In Kodok hat sich die Bevölkerung seitdem fast verdoppelt und immer noch legen Boote mit Schutzsuchenden an. Das verschärft die Lage, die schon zuvor schwierig war. Die Menschen kämpfen mit den Folgen des eigenen Bürgerkriegs, mit Dürre, Überschwemmungen, Ernteausfällen, Hunger. Kinder sterben an heilbaren Krankheiten, weil Ärzt:innen und Medikamente fehlen. Die Lage hat sich verschärft, seit internationale Hilfsorganisationen wegen der USAID-Kürzungen abgezogen sind.

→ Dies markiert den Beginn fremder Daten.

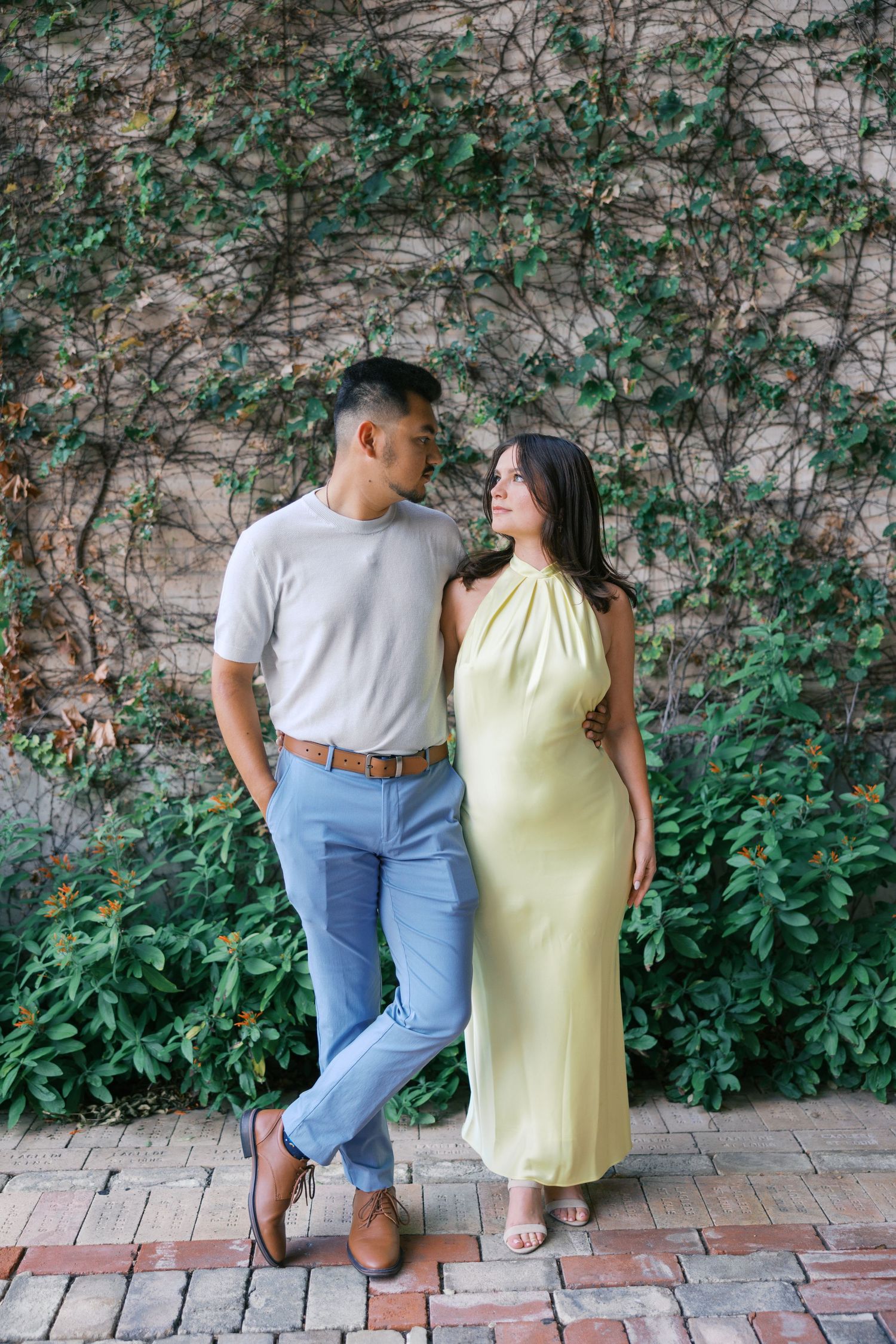 A couple poses together against a vine-covered wall wearing casual summer outfits.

Meist steigen Frauen mit Kindern aus den Booten. Viele kommen aus der Region, meist Südsudanesinnen, die während des Bürgerkriegs im Sudan Zuflucht suchten. Einige lebten Jahrzehnte in Flüchtlingslagern, andere hatten im Norden ein besseres Leben – ein Haus, einen Job. Nun stehen sie in Kodok erneut vor dem Nichts.
Wo sollen sie schlafen?
Was bleibt, ist die Hoffnung, dass Verwandte oder Fremde Erbarmen zeigen. Und genau das geschieht. "Fast jede Familie hier hat Vertriebene aufgenommen", erzählt Schwester Judit. Sie gehört zu den DMI-Schwestern ("Daughters of Mary Immaculate"), der lokalen Partnerorganisation von Caritas international. Die 37-Jährige leitet die Hilfsprogramme hier. "Die Menschen teilen das Wenige, das sie haben. Wenn nicht genug Platz in der Hütte ist, schlafen sie in Schichten. Kommen neue Vertriebene, bringen die Nachbarn Essen vorbei." Schwester Judit bestärkt diese Solidarität.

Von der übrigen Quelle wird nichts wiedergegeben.